木场在冬季停工,巨大的圆木堆成了小山,此时早就覆满了积雪。
但这里并非悄无一人。
曲云河吹了一路的寒风,忽闻吱呀一声门开,然后就觉出扑面而来的温暖。
“香水堂被查封,这人紧接着就出现了,在那附近诡诡祟祟。”他身后的大汉道,“这人不好抓,把老五肋骨都打断两根,是个狠角色。”
“没问出什么来?”有个女声接口,曲云河听着耳熟。
“没,他嘴也严实,我们就把他带过来了。”另一个汉子道,“特地多绕了几个圈子,后头没人跟上。
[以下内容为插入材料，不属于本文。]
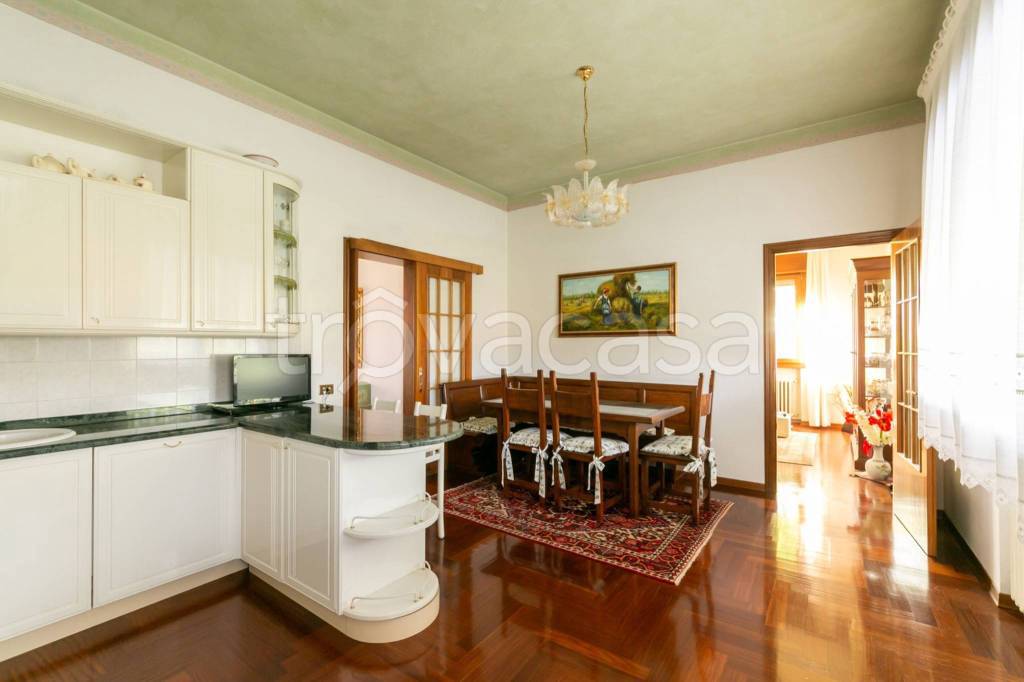 casa indipendente in vendita a Paese in zona Porcellengo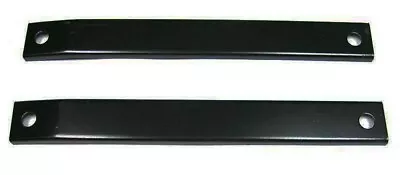 NEW! 1969-1970 Mustang Front Valance Fender Mounting Brackets - Pair - Set Of 2 • $19.95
”
紧接着蒙眼布条被摘下,曲云河首先发现自己身处一座小木屋中,屋角的塘火跳动,把屋里人的面庞都映出了红晕。
前方有三人,算上他身后的两人,对方一共有五人在屋里。曲云河咽了一下口水,问眼前人:“东家为什么抓我?”
是的,最前方坐着的那人面具遮了半脸,正是下午在香水堂二楼见过的女东家。时隔不到几个时辰,双方又见面了,只不过女东家这回的待客方式有些粗暴。
炉火掩映下,女东家的嘴角似笑非笑:“你到底是谁?”
“我只是个外乡客。”曲云河镇定道,“下午说的每个字都是实话。”
“你前脚刚走,官兵后脚就来查抄我的香水堂。”女东家的笑容敛去,“天底下有这种巧事?”
“既然叫做凑巧,那想来是有的。”
曲云河话音刚落,边上的汉子就狠狠一拳砸向他肋下。这小子刚才打断他弟弟肋骨,现在他要再找回一记。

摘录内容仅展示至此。